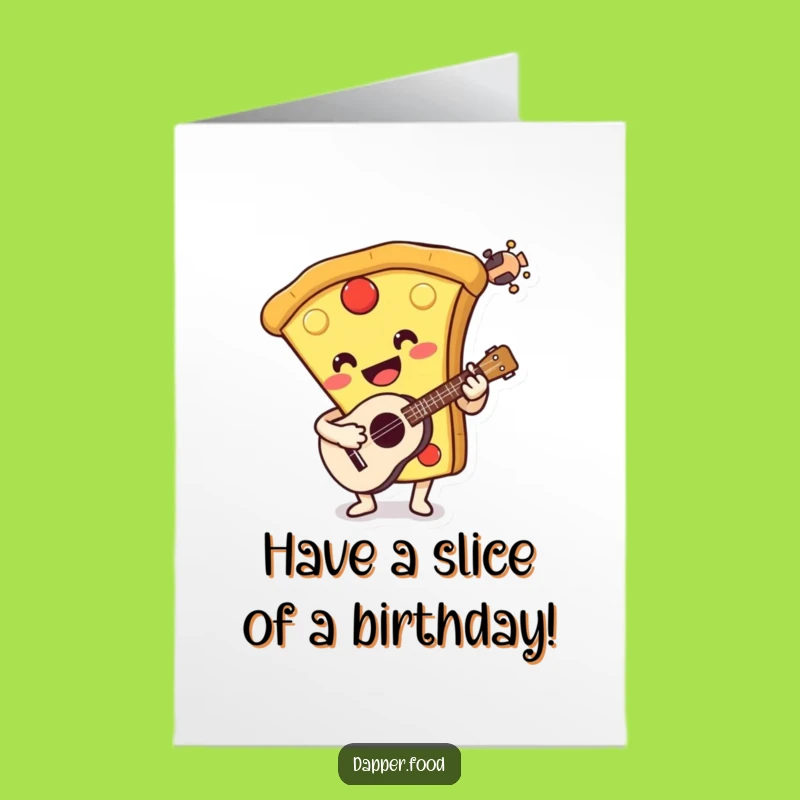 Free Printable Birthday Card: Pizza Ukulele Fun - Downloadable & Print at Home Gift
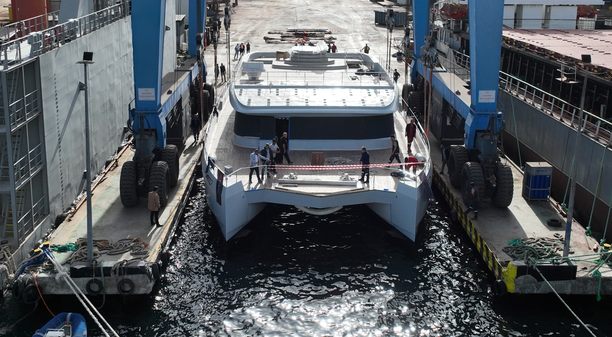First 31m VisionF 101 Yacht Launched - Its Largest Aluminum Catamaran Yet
==
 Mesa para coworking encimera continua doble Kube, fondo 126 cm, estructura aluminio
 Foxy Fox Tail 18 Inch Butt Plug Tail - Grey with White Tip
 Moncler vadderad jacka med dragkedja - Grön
==
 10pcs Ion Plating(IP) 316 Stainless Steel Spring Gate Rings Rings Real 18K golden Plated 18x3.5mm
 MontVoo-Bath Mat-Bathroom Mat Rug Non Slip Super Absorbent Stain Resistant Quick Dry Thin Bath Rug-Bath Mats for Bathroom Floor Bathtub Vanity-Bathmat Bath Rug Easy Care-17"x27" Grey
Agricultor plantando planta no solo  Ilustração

EXERCISE DIRECTIONS >> What lines above contain the word "Grey"? Please copy each one.

ANSWER SPACE >>
 Foxy Fox Tail 18 Inch Butt Plug Tail - Grey with White Tip
 MontVoo-Bath Mat-Bathroom Mat Rug Non Slip Super Absorbent Stain Resistant Quick Dry Thin Bath Rug-Bath Mats for Bathroom Floor Bathtub Vanity-Bathmat Bath Rug Easy Care-17"x27" Grey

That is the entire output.